> [INSTRUCTIONS FOR THE TASK]: Reproduce the records precisely. Omit every picture.

____________________

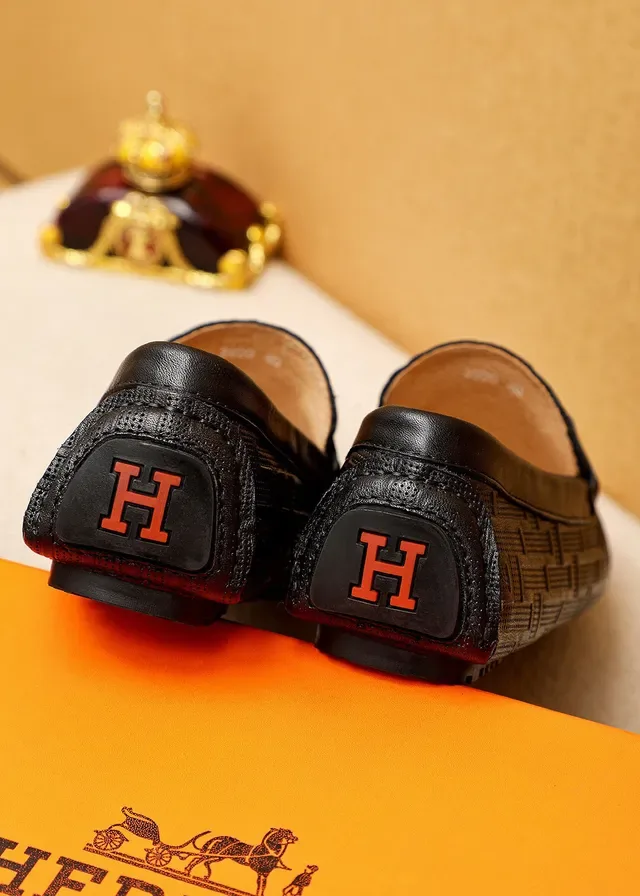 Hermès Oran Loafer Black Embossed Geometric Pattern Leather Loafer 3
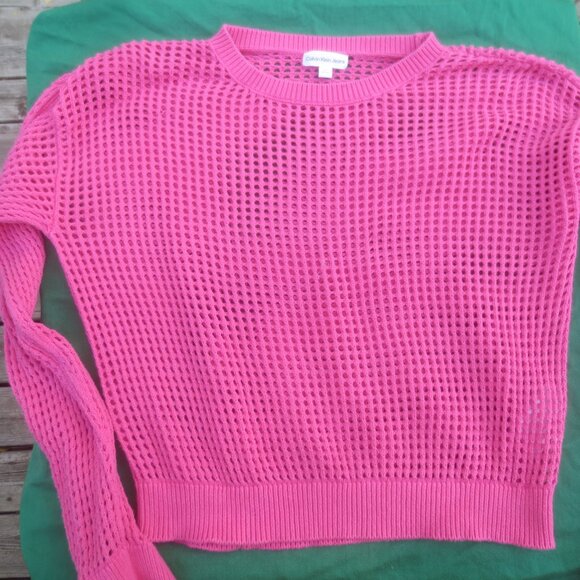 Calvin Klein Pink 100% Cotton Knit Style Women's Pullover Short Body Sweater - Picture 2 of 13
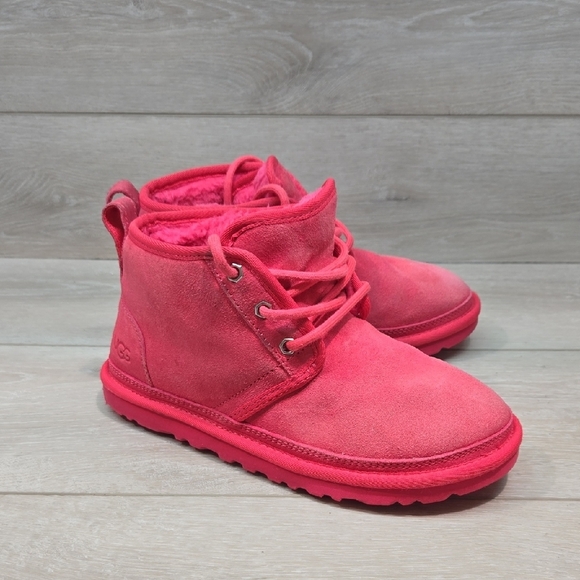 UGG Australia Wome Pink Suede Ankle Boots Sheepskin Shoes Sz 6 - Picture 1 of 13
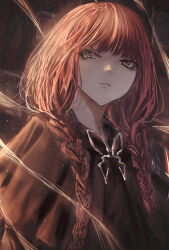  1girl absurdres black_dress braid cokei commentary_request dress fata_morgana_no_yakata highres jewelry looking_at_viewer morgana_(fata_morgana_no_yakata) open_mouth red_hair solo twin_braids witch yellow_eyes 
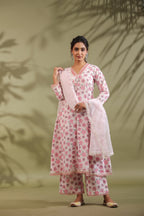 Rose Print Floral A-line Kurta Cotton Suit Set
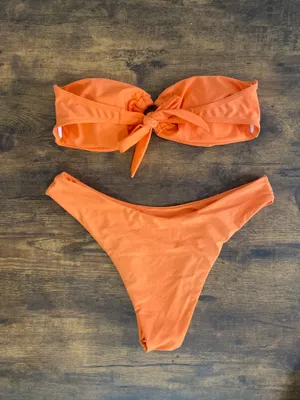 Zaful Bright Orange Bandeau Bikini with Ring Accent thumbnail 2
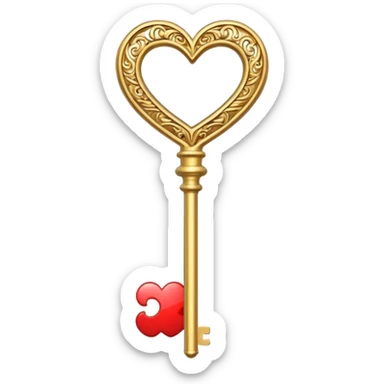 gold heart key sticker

____________________

> [ANSWER TO THIS EXERCISE]:
 Hermès Oran Loafer Black Embossed Geometric Pattern Leather Loafer 3
 Calvin Klein Pink 100% Cotton Knit Style Women's Pullover Short Body Sweater - Picture 2 of 13
 UGG Australia Wome Pink Suede Ankle Boots Sheepskin Shoes Sz 6 - Picture 1 of 13
  1girl absurdres black_dress braid cokei commentary_request dress fata_morgana_no_yakata highres jewelry looking_at_viewer morgana_(fata_morgana_no_yakata) open_mouth red_hair solo twin_braids witch yellow_eyes 
 Rose Print Floral A-line Kurta Cotton Suit Set
 Zaful Bright Orange Bandeau Bikini with Ring Accent thumbnail 2
 gold heart key sticker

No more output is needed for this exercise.